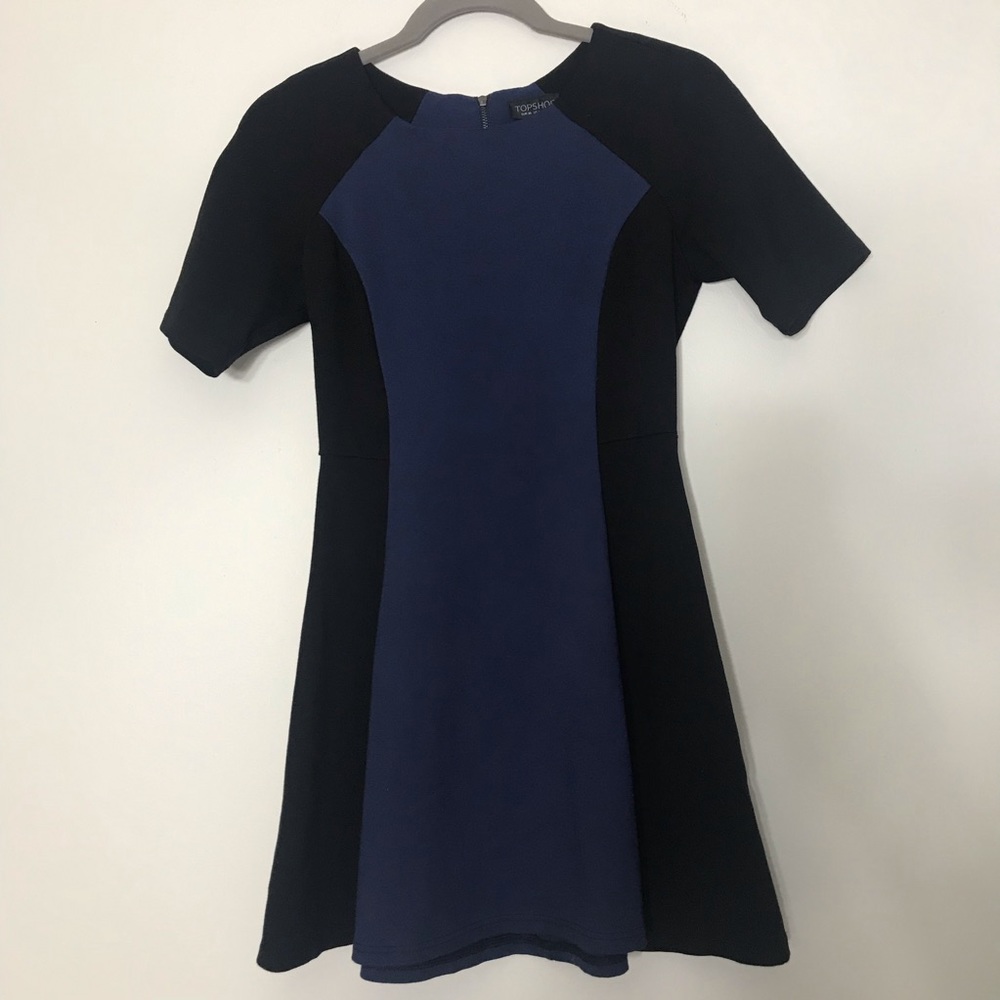 TOPSHOP Color Block Illusion Skater Dress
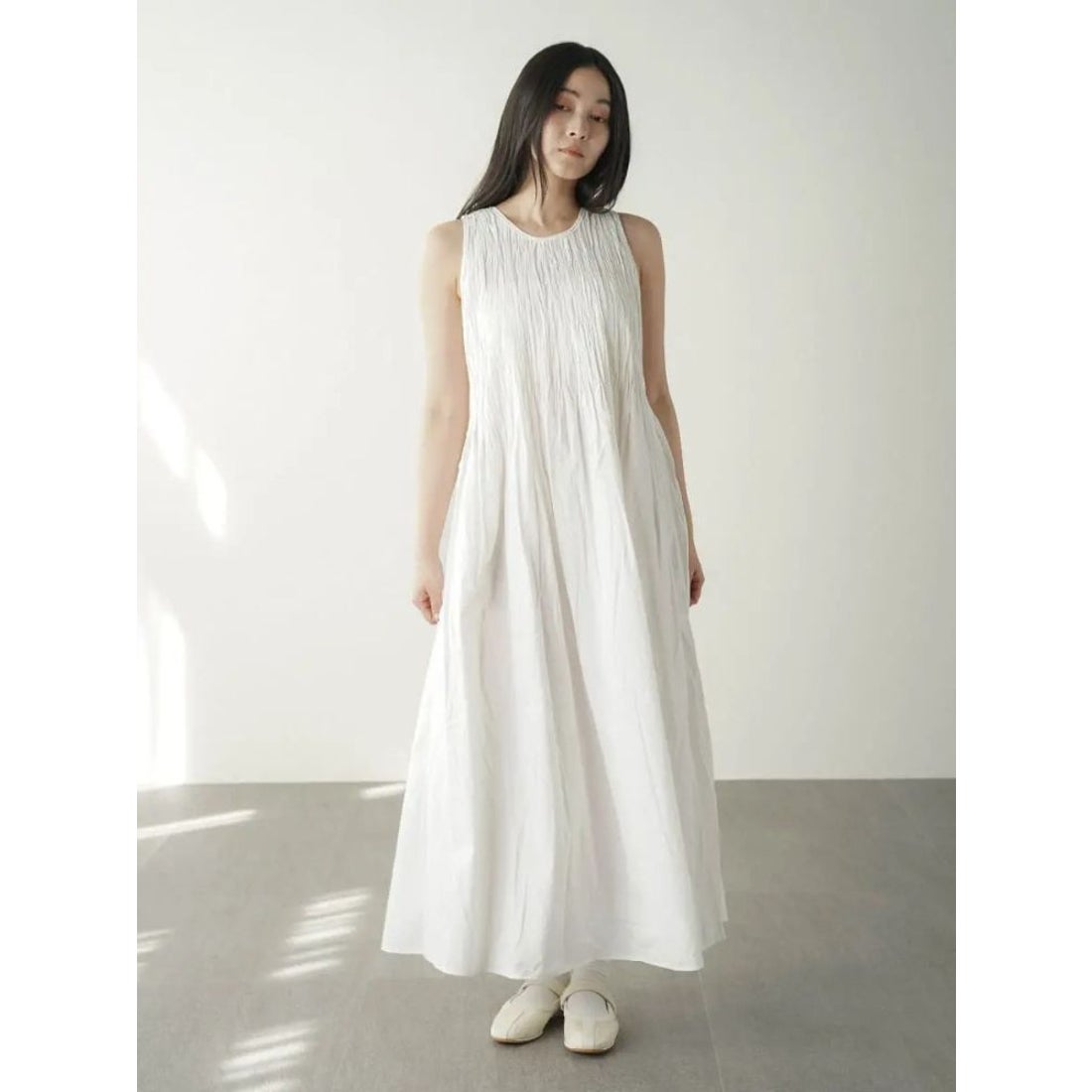 フィーカ FIKA. Shirred cotton onepiece （オフホワイト 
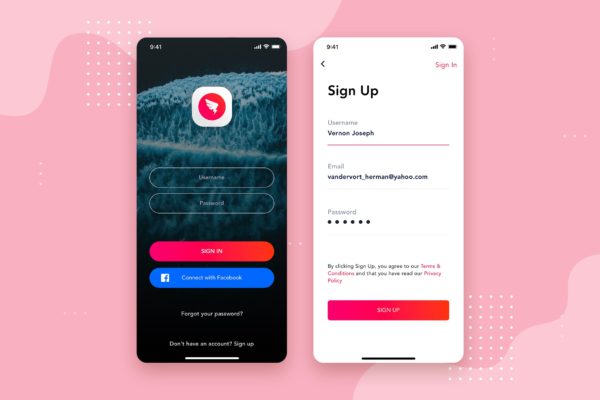 APP应用注册登录界面设计模板素材文件v1 Login – Signup Mobile Interface Concept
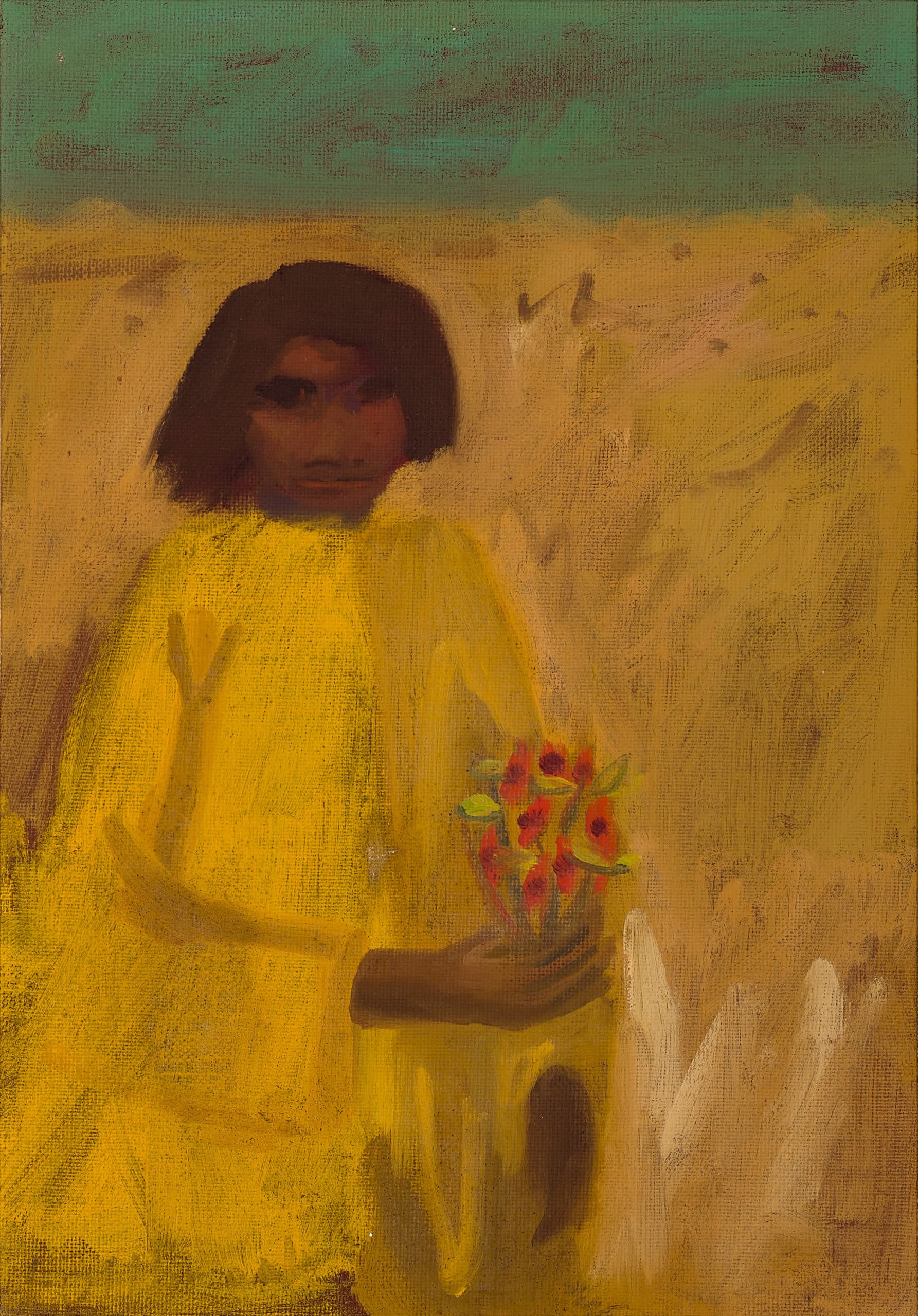 Girl with Sturt peas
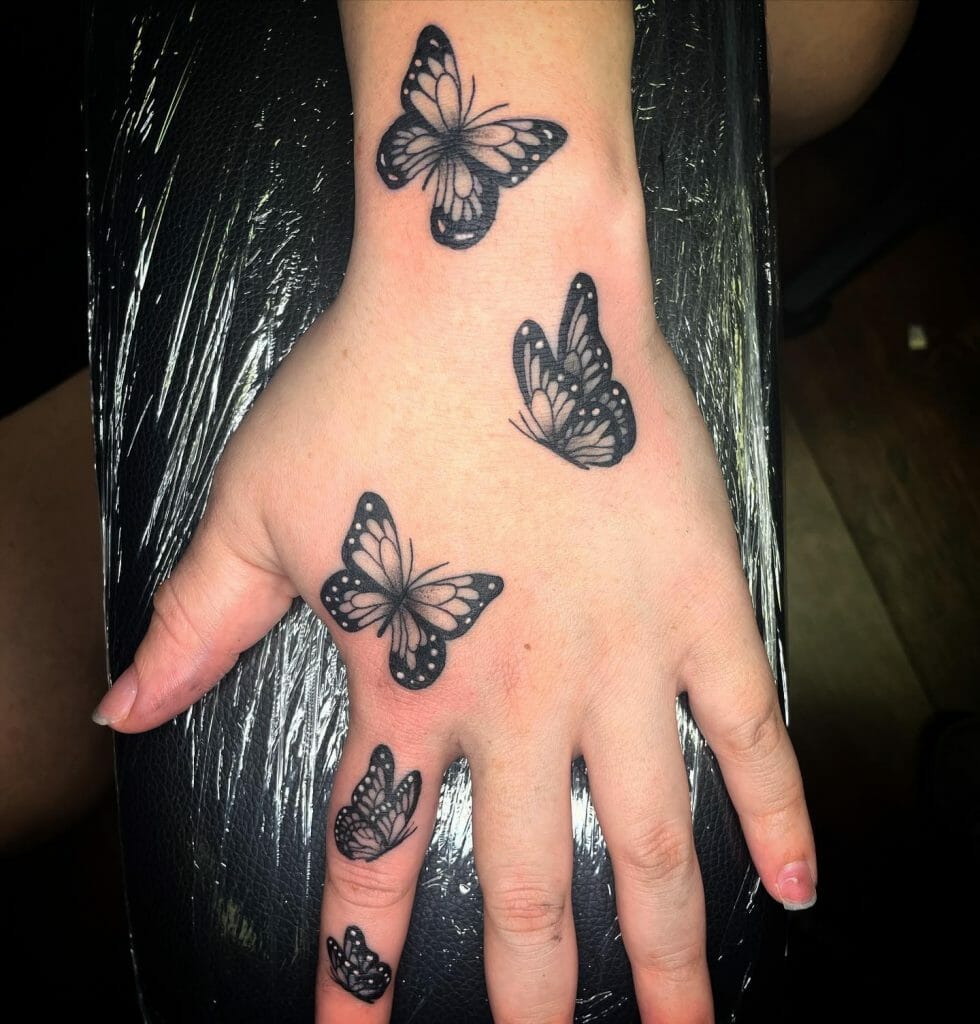 Cute Butterfly Finger Tattoo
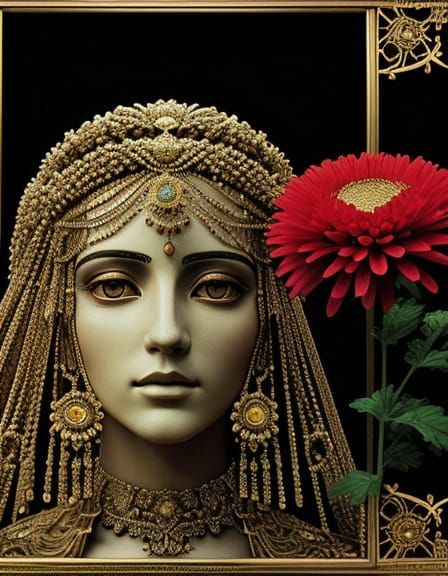 Belle Epoque Gypsy Woman with Red Chrysanthemum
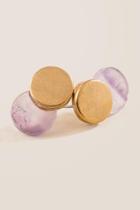 Francesca's Amber Marbled Resin Circle Studs - Purple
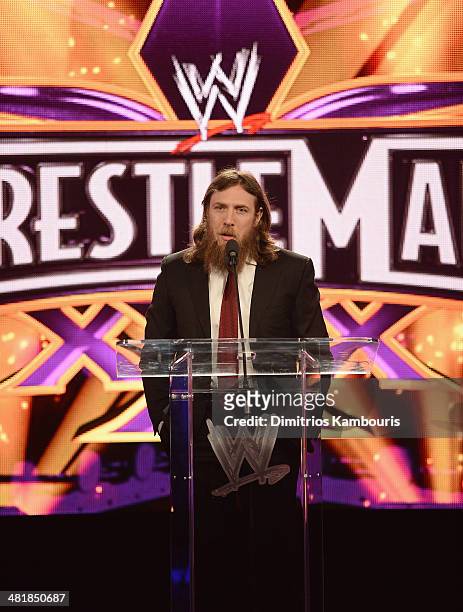 Daniel Bryan attends the WrestleMania 30 press conference at the Hard Rock Cafe New York on April 1, 2014 in New York City.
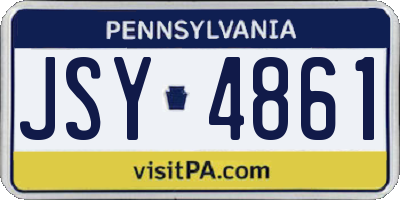 PA license plate JSY4861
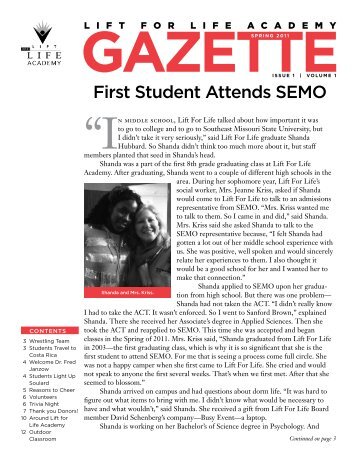 First Student Attends SEMO - Lift for Life Academy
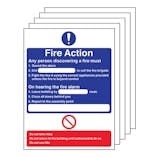 5-Pack Fire Action - Any Person Discovering A Fire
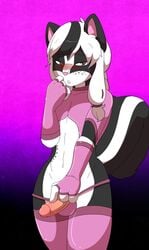 2014 anthro blush clothing crossdressing girly hair male munks munks_(artist) open_mouth penis pink_nose scynt solo stripes white_hair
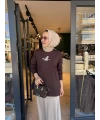 Kuşlu Tunik 60 cm Kahverengi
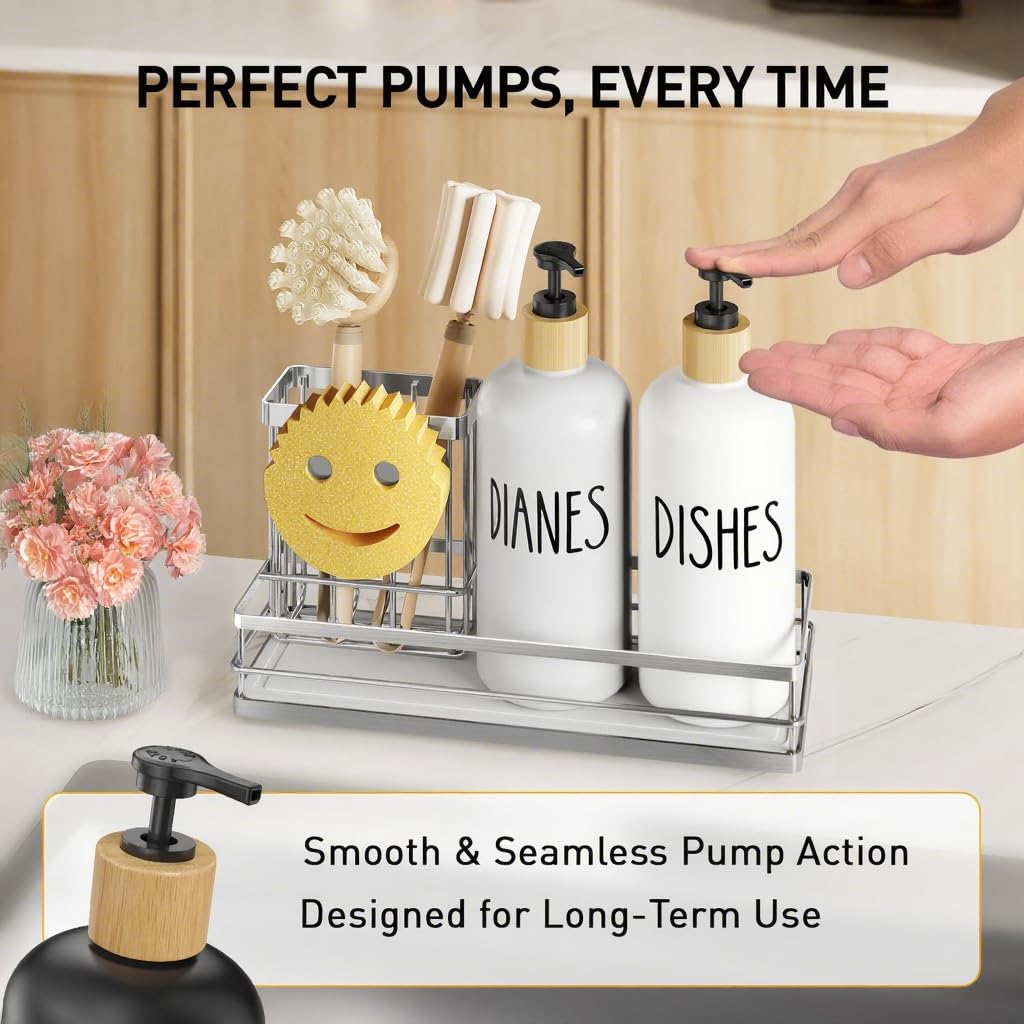 Kitchen Dish Soap Dispenser Set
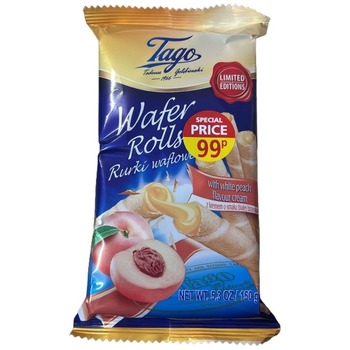 TAGO WAFER ROLLS WITH WHITE PEACH FLAVOUR CREAM PM£0.99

PROBLEM DESCRIPTION: Copy every line of the listing above exactly. Leave each picture out.

WORKED SOLUTION:
 TOPSHOP Color Block Illusion Skater Dress
 フィーカ FIKA. Shirred cotton onepiece （オフホワイト 
 APP应用注册登录界面设计模板素材文件v1 Login – Signup Mobile Interface Concept
 Girl with Sturt peas
 Cute Butterfly Finger Tattoo
 Belle Epoque Gypsy Woman with Red Chrysanthemum
 Francesca's Amber Marbled Resin Circle Studs - Purple
 Daniel Bryan attends the WrestleMania 30 press conference at the Hard Rock Cafe New York on April 1, 2014 in New York City.
 PA license plate JSY4861
 First Student Attends SEMO - Lift for Life Academy
 5-Pack Fire Action - Any Person Discovering A Fire
 2014 anthro blush clothing crossdressing girly hair male munks munks_(artist) open_mouth penis pink_nose scynt solo stripes white_hair
 Kuşlu Tunik 60 cm Kahverengi
 Kitchen Dish Soap Dispenser Set
 TAGO WAFER ROLLS WITH WHITE PEACH FLAVOUR CREAM PM£0.99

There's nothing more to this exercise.